> WHAT TO DO
An exact transcription is needed of the lines below from the one with "Hasui 巴水: Blue" through the one with "Sezane Cream and", with no other lines and no pictures.

START EXERCISE INPUTS

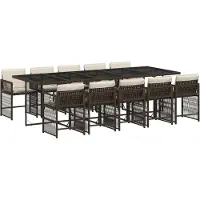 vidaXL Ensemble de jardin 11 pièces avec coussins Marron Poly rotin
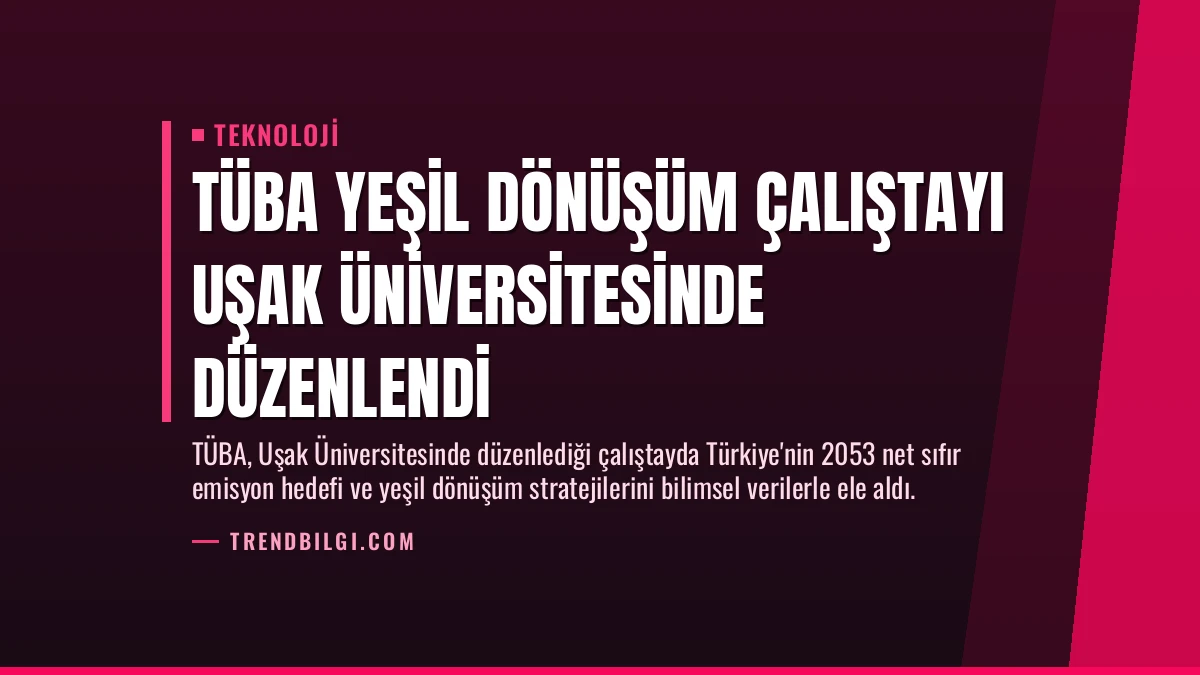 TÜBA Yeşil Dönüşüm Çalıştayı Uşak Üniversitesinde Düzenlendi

END EXERCISE INPUTS
START EXERCISE INPUTS

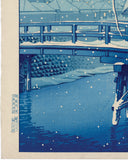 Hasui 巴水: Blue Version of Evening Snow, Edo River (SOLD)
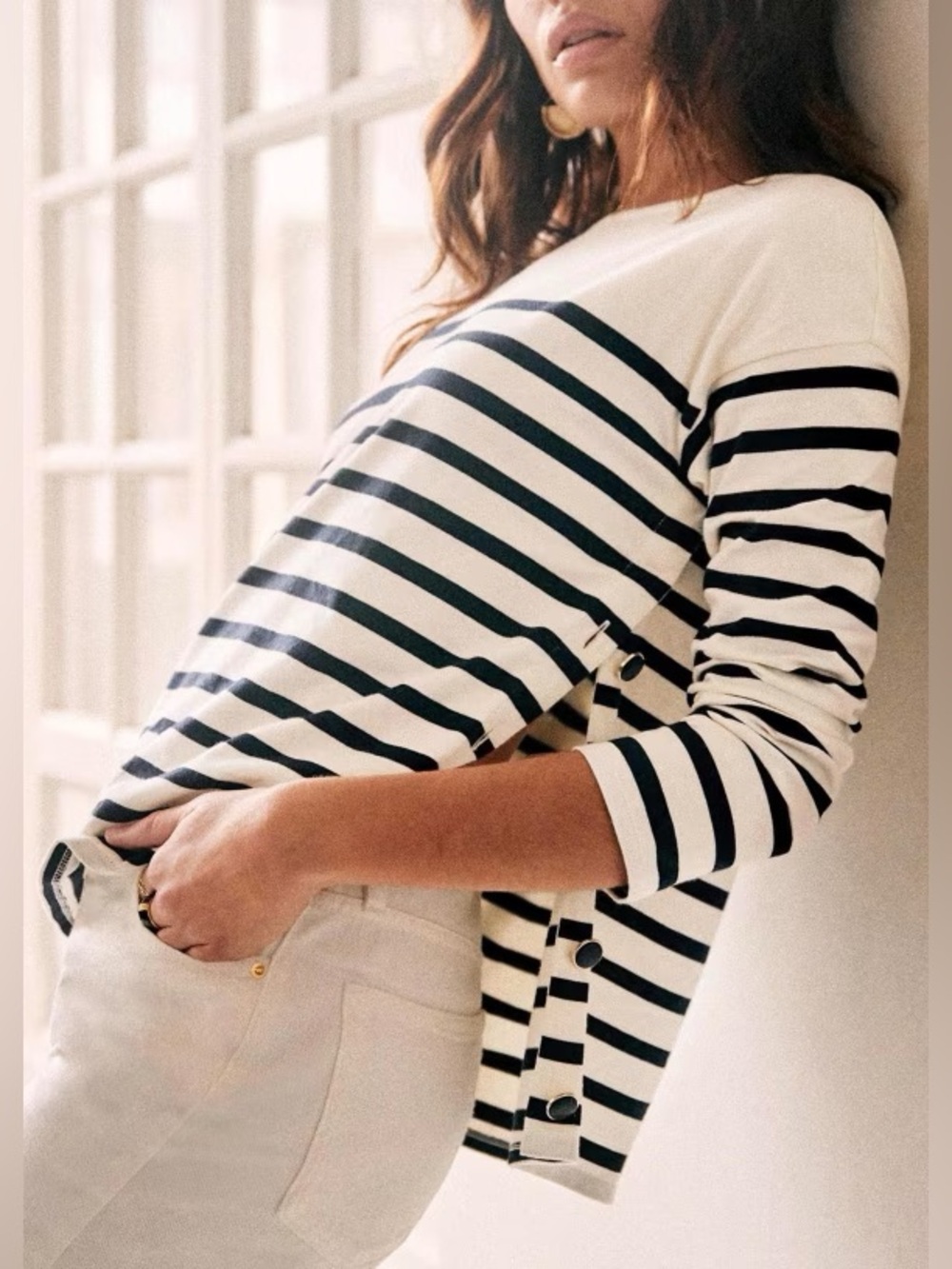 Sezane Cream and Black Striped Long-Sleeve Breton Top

END EXERCISE INPUTS

> ANSWER AREA
 Hasui 巴水: Blue Version of Evening Snow, Edo River (SOLD)
 Sezane Cream and Black Striped Long-Sleeve Breton Top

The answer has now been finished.